Mientras Pabst y Lang, por caminos muy distintos, daban con su obra testimonio de una realidad social y política asfixiante, otros cineastas tomaban caminos muy diversos.
El geólogo Arnold Fanck, por ejemplo, cantaba la épica montañera y la fotogenia de la naturaleza en las altas cumbres heladas en Prisioneros de la montaña (Die wiese Höllo von Piz Pallü, 1929), que realizó en colaboración con G. W. Pabst, y en Tempestad en el Mont Blanc (Stúrme úber der Montblanc, 1930), cuyos rodajes entre los glaciares alpinos eran toda una gesta y que constituían a la vez un himno panteísta a la naturaleza y un canto prometeico a los héroes que se atrevían a conquistar sus cimas, con resonancias entre paganas y fascistas, reforzadas en esta última película –la primera sonora de la serie- con fragmentos de Bach y Beethoven, emitidos por una radio abandonada en el Mont Blanc, para orquestarse con los rugidos de la tormenta.
El género creado por el doctor Fanck culminó con Leni Riefenstahl (que había debutado en 1925 como actriz de sus películas en Luz azul o El monte de los muertos   (Das blaue Licht, 1932), en donde aparece como intérprete y directora, con un guión de Bèla Balàzs  y una espléndida fotografía de Hans Schneeberger. Es la historia de la joven Yunta, que descubre el secreto de la luz azul del Monte Cristallo que tiene atemorizados a los campesinos y que es debida al brillo de los cristales de roca de una gruta en las noches de luna llena. Cuando su amante descubra la secreta gruta de los campesinos, Yunta morirá despeñada por un precipicio…

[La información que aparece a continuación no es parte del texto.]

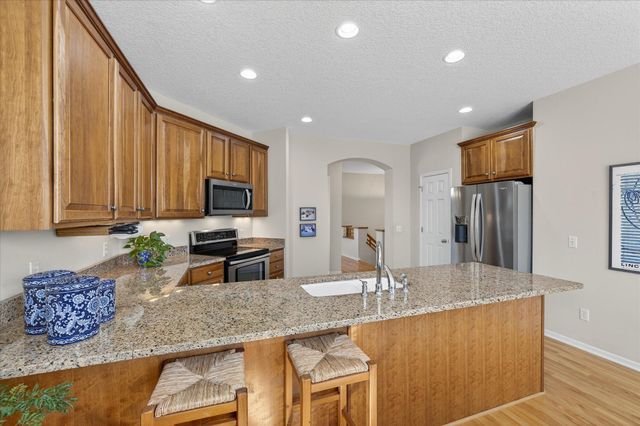 18624 48th Avenue N, Plymouth, MN 55446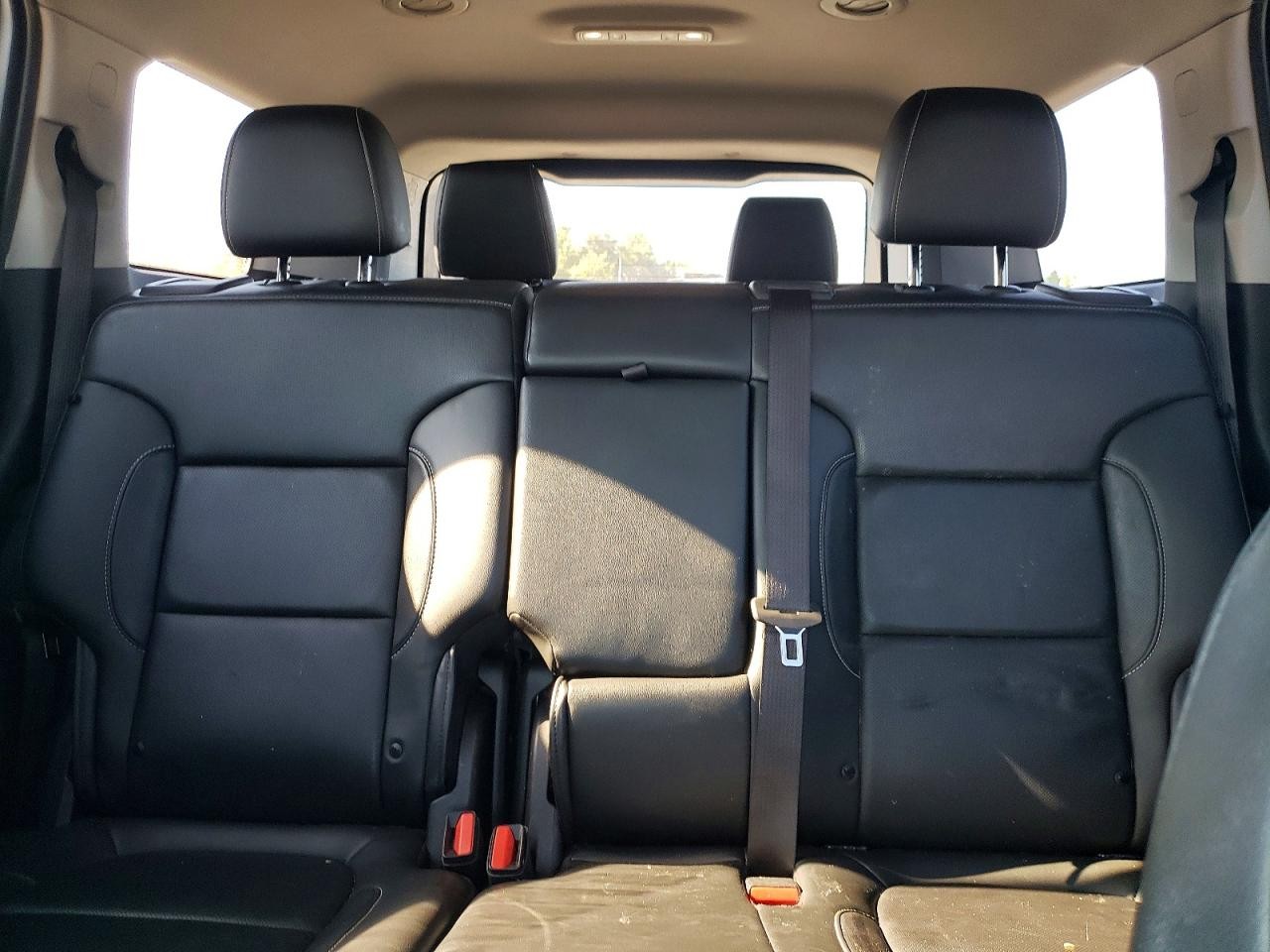 Vehicle/144087_10.jpg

El frenético romanticismo del alma alemana domina el ciclo montañero, con su imponente solemnidad formal, épica y wagneriana. Pero el romanticismo tiene un registro muy amplio y en su vertiente intimista lo pulsa el austríaco Paul Cizner, especialista en análisis de la psicología femenina, que dirige a su esposa Elisabeth Bergner en Ariane, la joven rusa (Ariane, 1931), sobre la novela de Claude Anet. Y en su vertiente frívola culmina con la superopereta El Congreso se divierte (Der Kongress Tanzt, 1932), de Erik Charrell, que sitúa en el célebre Congreso de 1814, en la imperial Viena, los amores del zar Alejandro de Rusia (Willy Fritsch) y de una gentil guantera (Lilian Harvey), film que sería prohibido por Hitler en 1937. La inmensa popularidad de El Congreso se divierte sólo será igualada por Vuelan mis canciones (Leise flehen meine Lider, 1933), realizada por el austríaco Willy Forst para la mayor gloria vocal de Martha Eggerth.
Forst se convertirá en uno de los puntales del cine austriaco, con su brillante ejercicio de estilo en Mascarada (Maskerade, 1934), que gira en torno a un cínico pintor, un adulterio y un retrato de mujer comprometedor, temas banales que adquieren consistencia por la grácil liviandad de un estilo. La obra de Forst, que ofrecía una imagen del mundo elegante de Viena con una perspectiva opuesta a la de Stroheim, no pasó de ahí y se quedó en promesa, cosa que no ocurrió con su compatriota Max Ophüls, que llegará a convertirse, valga la paradoja, en el gigante del género liviano.

Enamorado de la Belle Époque, romántico, nostálgico, irónico, barroco y hasta manierista, obtiene su primer éxito con Amoríos (Liebelei, 1932), adaptación de una pieza de Arthur Schnitzler y que narra los amores de dos muchachas con dos oficiales de Caballería. Una (Luise Ulrich) desenvuelta y divertida, otra (Magda Schneider) tímida y retraída, pero cuando se entere de la muerte de su amante en un lance de honor, se matará arrojándose por una ventana. La historia agridulce de estos amoríos vieneses, con pasos de vals y paseos en trineo, señala la culminación histórica y el final de un estilo, el apogeo y muerte de la efímera escuela vienesa que decapitada por el nacionalsocialismo será continuada y aún superada, en un trasplante parisino, con el regreso de Max Ophüls a Francia (1950) desde su exilio americano.